• DATASET EXTRACT
· · ·
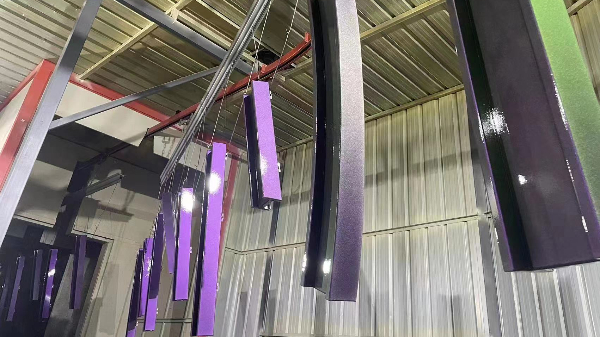 云南騰沖別墅飾面項目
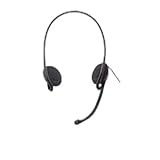 ClearChat Style Headset
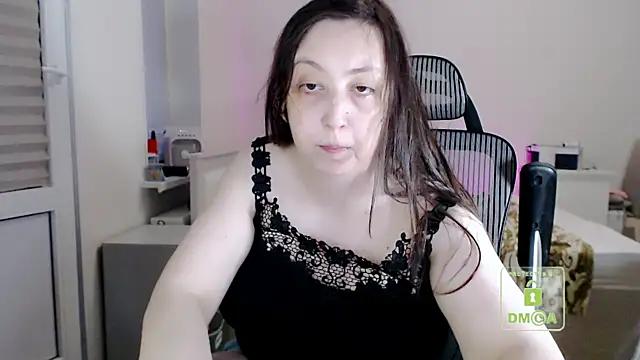 cute_and_hot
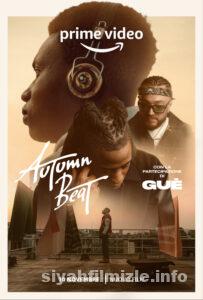 Solgun Dizeler 2022 izle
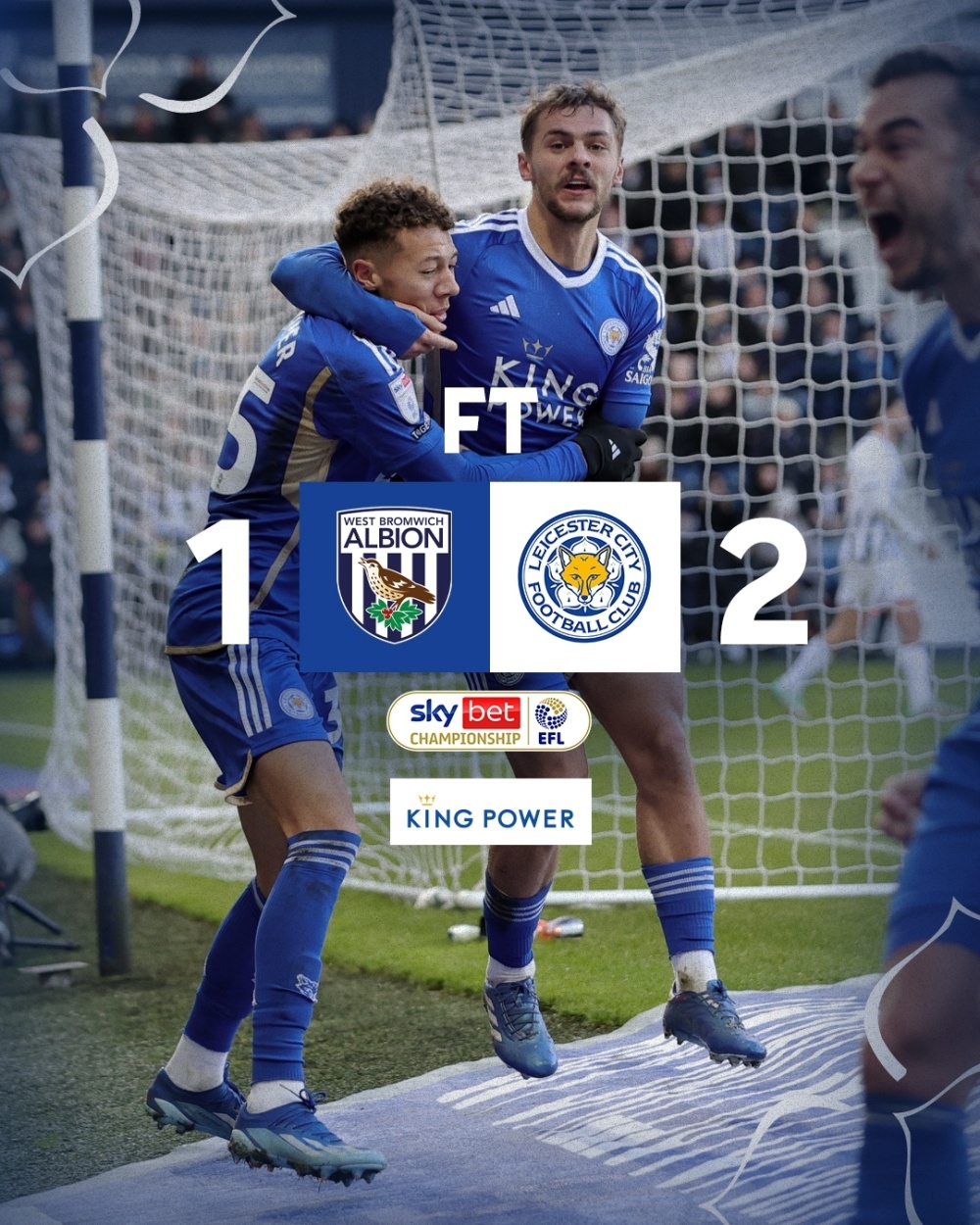 爱游戏官网 igtheshy比赛视频回放 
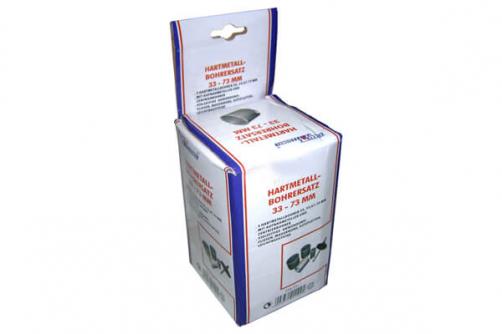SKU#: 10503009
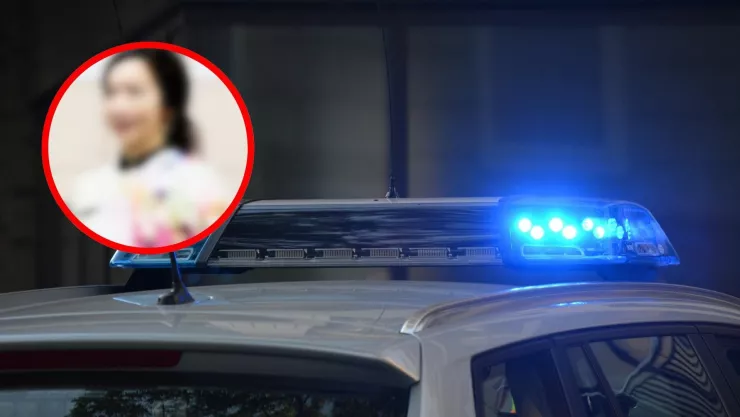 Detienen a reconocida cantante por el brutal asesinato de su hija adolescente; usó agua hirviendo y un arma blanca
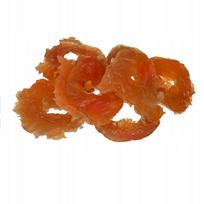 Skanėstas šunims Petitto Rings, antiena, 0.5 kg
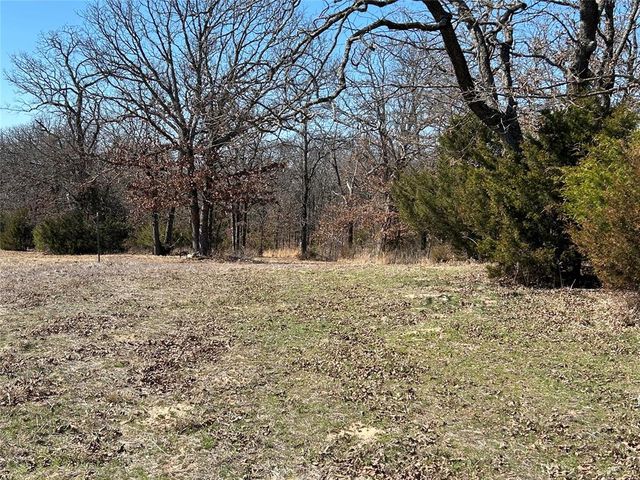 31038 Hamilton Road 2, Wanette, OK 74878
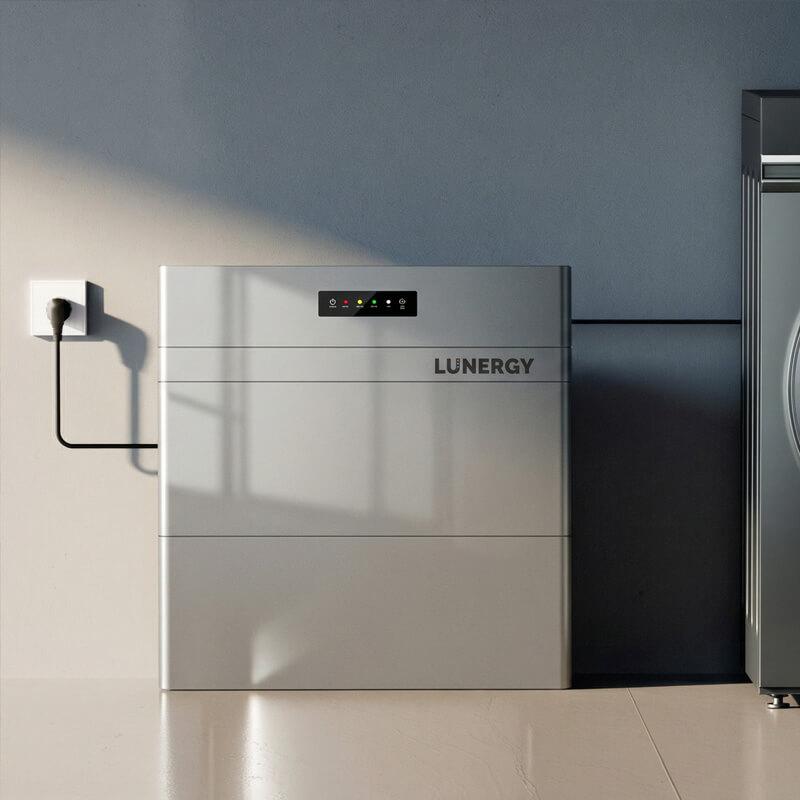 lunergy-x-plug-in-battery-2400ac-9-20260312-1.jpg Lunergy Hub 2400 AC + 3x BP5200 | 2,4 kW ? 15,66 kWh - Image 4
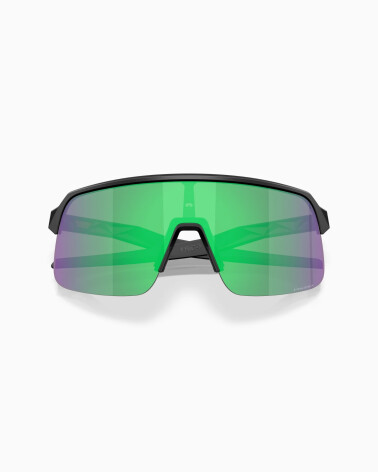 Oakley Sutro Lite S lunettes soleil sportives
· · ·
• PROBLEM DETAILS
Hand back exactly the lines from the one with "Solgun Dizeler 2022 izle" through the last line of the data above, both ends included, with every picture left out.

• REPLY
 Solgun Dizeler 2022 izle
 爱游戏官网 igtheshy比赛视频回放 
SKU#: 10503009
 Detienen a reconocida cantante por el brutal asesinato de su hija adolescente; usó agua hirviendo y un arma blanca
 Skanėstas šunims Petitto Rings, antiena, 0.5 kg
 31038 Hamilton Road 2, Wanette, OK 74878
 lunergy-x-plug-in-battery-2400ac-9-20260312-1.jpg Lunergy Hub 2400 AC + 3x BP5200 | 2,4 kW ? 15,66 kWh - Image 4
 Oakley Sutro Lite S lunettes soleil sportives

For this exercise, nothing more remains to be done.